A friend pointed me to this item from the Accenture press releases about a survey they've done: Managers Say the Majority of Information Obtained for Their Work Is Useless, Accenture Survey Finds:
NEW YORK and LONDON – Jan. 4, 2007 – Middle managers spend more than a quarter of their time searching for information necessary to their jobs, and when they do find it, it is often wrong, according to results of an Accenture survey released today.
The purpose of the online survey of more than 1,000 middle managers of large companies in the United States and United Kingdom was to uncover wide-ranging insights about the way they gather, use and analyze information.
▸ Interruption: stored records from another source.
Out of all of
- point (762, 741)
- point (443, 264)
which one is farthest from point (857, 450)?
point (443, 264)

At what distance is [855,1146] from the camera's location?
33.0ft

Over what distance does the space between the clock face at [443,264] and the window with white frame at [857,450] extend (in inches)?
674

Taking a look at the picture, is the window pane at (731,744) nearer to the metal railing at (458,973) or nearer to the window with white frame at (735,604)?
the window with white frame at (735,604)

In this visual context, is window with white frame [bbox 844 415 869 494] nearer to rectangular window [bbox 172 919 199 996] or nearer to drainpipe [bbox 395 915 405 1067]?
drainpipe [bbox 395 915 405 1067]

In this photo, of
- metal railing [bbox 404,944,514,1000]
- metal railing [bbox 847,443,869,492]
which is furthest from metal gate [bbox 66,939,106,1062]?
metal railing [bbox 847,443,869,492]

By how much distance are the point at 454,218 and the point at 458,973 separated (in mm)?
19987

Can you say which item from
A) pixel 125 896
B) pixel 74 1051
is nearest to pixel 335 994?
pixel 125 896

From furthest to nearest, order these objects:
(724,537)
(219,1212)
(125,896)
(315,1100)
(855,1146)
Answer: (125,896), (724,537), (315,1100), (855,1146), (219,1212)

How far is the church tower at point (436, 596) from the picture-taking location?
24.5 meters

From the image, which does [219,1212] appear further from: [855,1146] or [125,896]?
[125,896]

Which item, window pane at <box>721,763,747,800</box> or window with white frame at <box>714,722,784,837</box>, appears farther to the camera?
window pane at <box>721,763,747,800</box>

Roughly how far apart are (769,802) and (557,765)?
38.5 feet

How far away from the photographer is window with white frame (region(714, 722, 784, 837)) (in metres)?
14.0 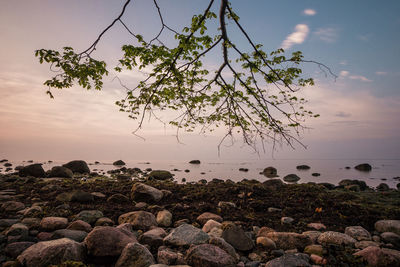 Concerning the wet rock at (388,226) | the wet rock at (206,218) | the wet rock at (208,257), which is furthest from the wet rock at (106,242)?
the wet rock at (388,226)

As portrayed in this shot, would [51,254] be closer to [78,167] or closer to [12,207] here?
[12,207]

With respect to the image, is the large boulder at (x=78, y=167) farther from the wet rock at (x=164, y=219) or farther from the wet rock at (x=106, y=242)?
the wet rock at (x=106, y=242)

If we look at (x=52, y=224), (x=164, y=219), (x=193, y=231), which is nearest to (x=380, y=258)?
(x=193, y=231)

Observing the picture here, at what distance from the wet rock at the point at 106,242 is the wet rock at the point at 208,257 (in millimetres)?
1155

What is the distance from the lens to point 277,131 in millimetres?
5926

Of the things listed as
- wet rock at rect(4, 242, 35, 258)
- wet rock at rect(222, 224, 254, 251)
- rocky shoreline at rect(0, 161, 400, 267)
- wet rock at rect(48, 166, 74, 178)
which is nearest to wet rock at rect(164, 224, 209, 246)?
rocky shoreline at rect(0, 161, 400, 267)

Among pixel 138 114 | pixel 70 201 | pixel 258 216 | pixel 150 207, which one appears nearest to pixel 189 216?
pixel 150 207

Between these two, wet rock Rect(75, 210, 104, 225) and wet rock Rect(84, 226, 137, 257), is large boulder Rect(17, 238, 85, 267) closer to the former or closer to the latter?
wet rock Rect(84, 226, 137, 257)

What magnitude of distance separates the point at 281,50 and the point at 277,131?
239 cm

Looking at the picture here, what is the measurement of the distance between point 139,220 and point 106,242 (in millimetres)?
1708

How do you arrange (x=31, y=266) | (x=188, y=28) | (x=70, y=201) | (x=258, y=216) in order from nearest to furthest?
(x=31, y=266), (x=188, y=28), (x=258, y=216), (x=70, y=201)

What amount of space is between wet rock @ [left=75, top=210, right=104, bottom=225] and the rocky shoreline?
25mm

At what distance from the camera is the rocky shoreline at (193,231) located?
3.28 meters

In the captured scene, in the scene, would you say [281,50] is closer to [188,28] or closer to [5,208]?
[188,28] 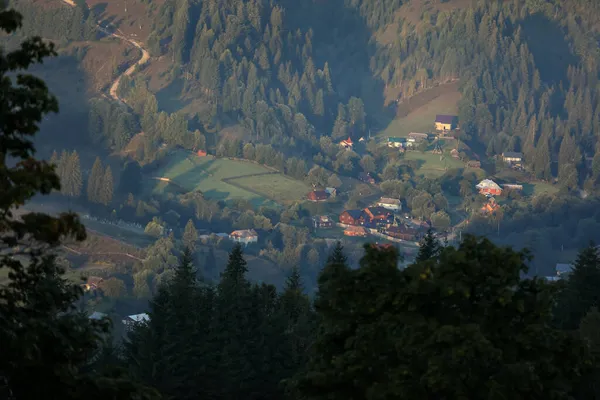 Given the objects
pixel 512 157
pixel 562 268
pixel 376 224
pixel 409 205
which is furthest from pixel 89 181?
pixel 512 157

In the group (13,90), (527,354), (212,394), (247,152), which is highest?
(247,152)

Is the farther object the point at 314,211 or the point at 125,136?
the point at 125,136

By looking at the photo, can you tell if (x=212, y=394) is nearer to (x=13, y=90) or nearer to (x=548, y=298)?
(x=548, y=298)

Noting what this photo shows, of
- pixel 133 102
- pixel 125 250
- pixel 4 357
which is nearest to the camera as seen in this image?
pixel 4 357

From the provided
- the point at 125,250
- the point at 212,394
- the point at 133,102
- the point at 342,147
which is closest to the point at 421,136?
the point at 342,147

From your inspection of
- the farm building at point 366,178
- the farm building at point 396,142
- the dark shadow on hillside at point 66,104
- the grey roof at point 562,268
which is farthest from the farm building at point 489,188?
the dark shadow on hillside at point 66,104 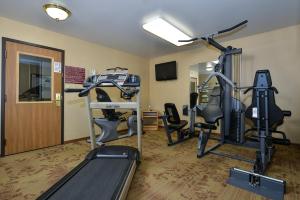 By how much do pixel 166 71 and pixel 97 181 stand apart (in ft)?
13.6

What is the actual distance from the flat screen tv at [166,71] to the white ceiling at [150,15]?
1.55m

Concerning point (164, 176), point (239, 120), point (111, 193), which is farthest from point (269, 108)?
point (111, 193)

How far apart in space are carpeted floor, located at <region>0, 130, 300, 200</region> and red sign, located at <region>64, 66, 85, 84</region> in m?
1.44

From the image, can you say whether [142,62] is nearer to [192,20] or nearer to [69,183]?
[192,20]

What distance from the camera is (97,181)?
5.30 feet

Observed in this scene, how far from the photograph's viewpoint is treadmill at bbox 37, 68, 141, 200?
1.41 meters

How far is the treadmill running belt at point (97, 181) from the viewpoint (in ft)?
4.57

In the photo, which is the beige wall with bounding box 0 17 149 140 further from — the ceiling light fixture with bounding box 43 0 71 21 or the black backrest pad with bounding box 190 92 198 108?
the black backrest pad with bounding box 190 92 198 108

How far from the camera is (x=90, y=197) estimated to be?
1363 millimetres

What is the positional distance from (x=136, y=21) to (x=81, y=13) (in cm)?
91

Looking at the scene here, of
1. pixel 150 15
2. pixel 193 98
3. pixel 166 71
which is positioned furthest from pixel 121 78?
pixel 166 71

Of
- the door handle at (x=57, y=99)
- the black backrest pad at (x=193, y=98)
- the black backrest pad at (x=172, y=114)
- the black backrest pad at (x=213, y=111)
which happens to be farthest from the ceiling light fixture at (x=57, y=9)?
the black backrest pad at (x=193, y=98)

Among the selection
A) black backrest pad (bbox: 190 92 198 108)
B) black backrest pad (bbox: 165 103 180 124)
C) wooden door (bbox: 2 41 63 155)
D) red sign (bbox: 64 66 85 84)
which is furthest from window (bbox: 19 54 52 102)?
black backrest pad (bbox: 190 92 198 108)

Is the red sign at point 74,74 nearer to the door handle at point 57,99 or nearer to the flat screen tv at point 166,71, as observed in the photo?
the door handle at point 57,99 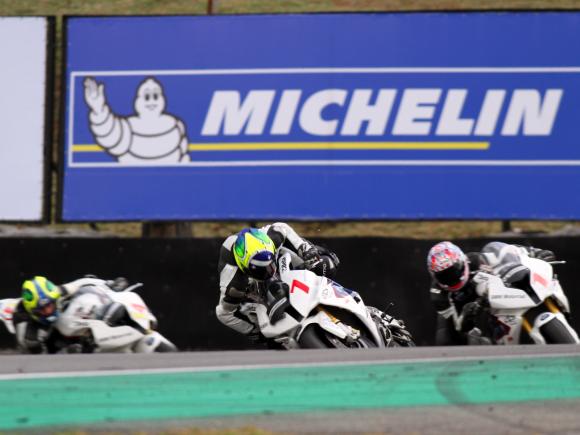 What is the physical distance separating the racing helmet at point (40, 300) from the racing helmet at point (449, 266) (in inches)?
121

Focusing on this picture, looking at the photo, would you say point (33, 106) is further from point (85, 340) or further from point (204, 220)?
point (85, 340)

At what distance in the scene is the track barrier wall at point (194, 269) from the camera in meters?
11.4

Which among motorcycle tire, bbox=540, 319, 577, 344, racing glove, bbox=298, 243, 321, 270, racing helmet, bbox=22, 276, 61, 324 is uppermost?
racing glove, bbox=298, 243, 321, 270

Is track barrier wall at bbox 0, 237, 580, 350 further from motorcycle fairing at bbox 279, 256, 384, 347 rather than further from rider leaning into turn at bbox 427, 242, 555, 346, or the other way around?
motorcycle fairing at bbox 279, 256, 384, 347

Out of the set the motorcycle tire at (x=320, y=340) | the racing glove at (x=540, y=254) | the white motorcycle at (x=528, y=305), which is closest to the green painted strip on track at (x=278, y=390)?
the motorcycle tire at (x=320, y=340)

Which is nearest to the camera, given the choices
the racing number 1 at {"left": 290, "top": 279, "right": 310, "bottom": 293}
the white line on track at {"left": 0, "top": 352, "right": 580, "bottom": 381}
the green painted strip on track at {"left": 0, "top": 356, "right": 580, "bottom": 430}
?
the green painted strip on track at {"left": 0, "top": 356, "right": 580, "bottom": 430}

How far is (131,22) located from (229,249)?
3444mm

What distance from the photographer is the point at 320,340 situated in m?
9.16

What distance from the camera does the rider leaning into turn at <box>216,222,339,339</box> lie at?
936cm

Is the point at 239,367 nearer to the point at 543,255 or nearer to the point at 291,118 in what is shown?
the point at 543,255

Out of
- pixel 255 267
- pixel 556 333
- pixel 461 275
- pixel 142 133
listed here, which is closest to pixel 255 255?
pixel 255 267

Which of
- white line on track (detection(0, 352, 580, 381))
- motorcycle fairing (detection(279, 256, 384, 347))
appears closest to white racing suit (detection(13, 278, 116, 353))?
motorcycle fairing (detection(279, 256, 384, 347))

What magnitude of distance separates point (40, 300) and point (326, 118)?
390cm

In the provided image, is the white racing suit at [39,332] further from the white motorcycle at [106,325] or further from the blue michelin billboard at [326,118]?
the blue michelin billboard at [326,118] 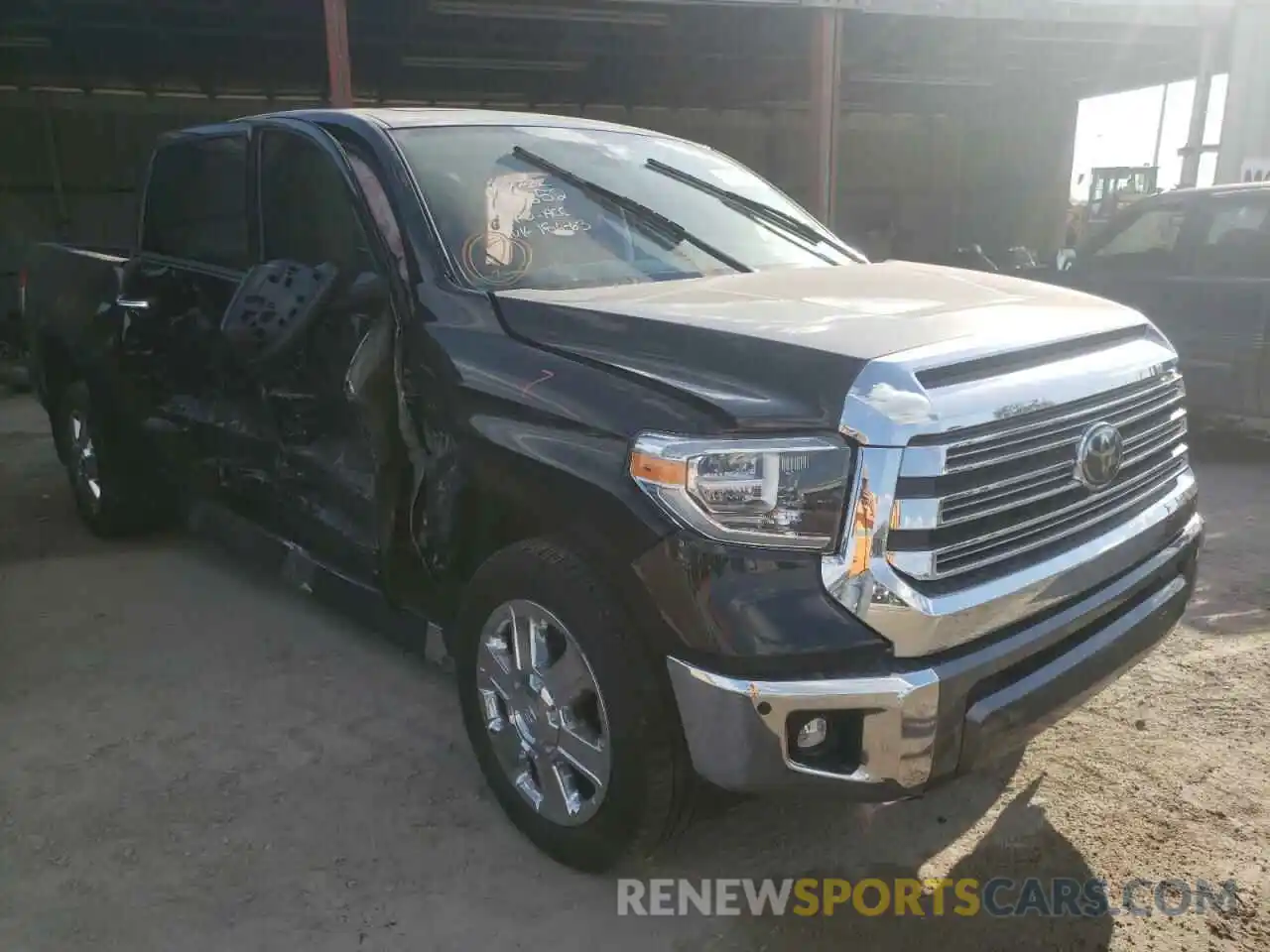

The findings are entertaining, but not completely surprising
- Managers spend up to two hours searching
- 50 percent of information found is of no value
- 59 percent say they don't see internal information that would be helpful to them
- 53 percent say less than half of the information they receive in valuable
- 36 percent say there is too much information, making the right information difficult to find
The solution that Accenture comes to as a result of these numbers is to create a central place to consolidate and manage key company information. However, they completely miss the implications of the survey result that says 16 percent of respondents use "collaborative workplaces" to store their most valuable information. I'm surprised it was that high. It's not just a matter of stuff being difficult to find on company resources, people don't keep even their most important information in these shared spaces. How can a company expect a new software package to change this behavior?
That said, I agree with the general concept of making stuff easier to find for the people who need it. If a portal will truly do that, then have at it. Based on my experience, it really isn't the information people need so much as the connection to people who have access to the meaning behind the information.